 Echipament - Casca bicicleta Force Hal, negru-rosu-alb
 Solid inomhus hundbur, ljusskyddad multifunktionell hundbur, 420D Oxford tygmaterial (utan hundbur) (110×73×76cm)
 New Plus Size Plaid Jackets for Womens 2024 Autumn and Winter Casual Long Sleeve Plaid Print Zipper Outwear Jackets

* * *

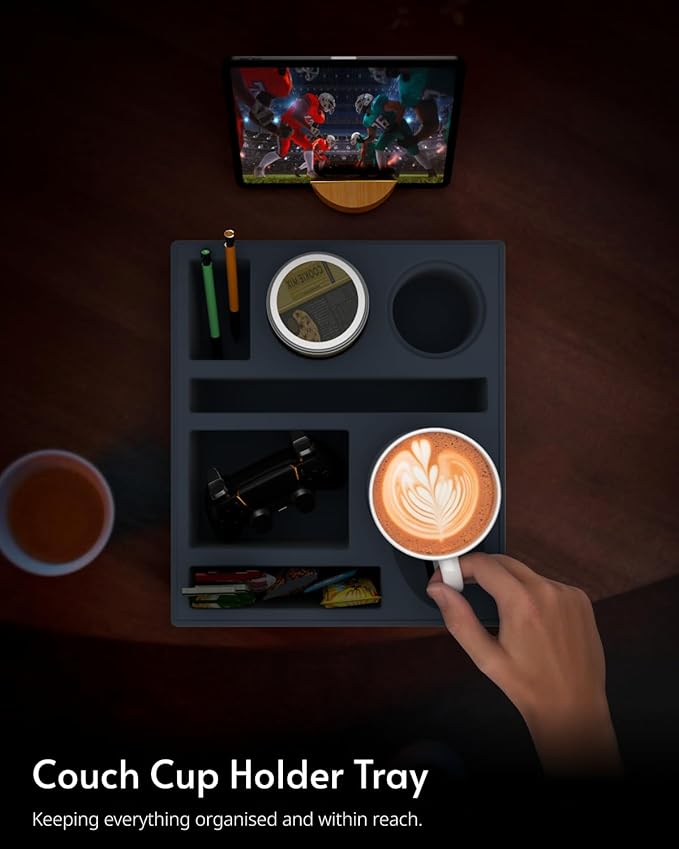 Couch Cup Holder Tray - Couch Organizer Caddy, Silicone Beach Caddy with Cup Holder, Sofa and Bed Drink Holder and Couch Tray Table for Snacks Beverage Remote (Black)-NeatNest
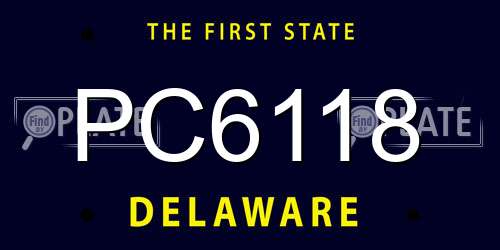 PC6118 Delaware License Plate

* * *

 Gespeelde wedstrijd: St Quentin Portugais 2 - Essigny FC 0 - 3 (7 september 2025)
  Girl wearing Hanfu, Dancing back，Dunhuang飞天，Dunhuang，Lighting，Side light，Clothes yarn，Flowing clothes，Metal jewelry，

* * *

● YOUR ASSIGNMENT: Your task is to restate, word for word, only those lines above that fall between the line holding "Gespeelde wedstrijd: St" and the line holding "Girl wearing Hanfu, Dancing", inclusive.

● COMPLETED TASK:
 Gespeelde wedstrijd: St Quentin Portugais 2 - Essigny FC 0 - 3 (7 september 2025)
  Girl wearing Hanfu, Dancing back，Dunhuang飞天，Dunhuang，Lighting，Side light，Clothes yarn，Flowing clothes，Metal jewelry，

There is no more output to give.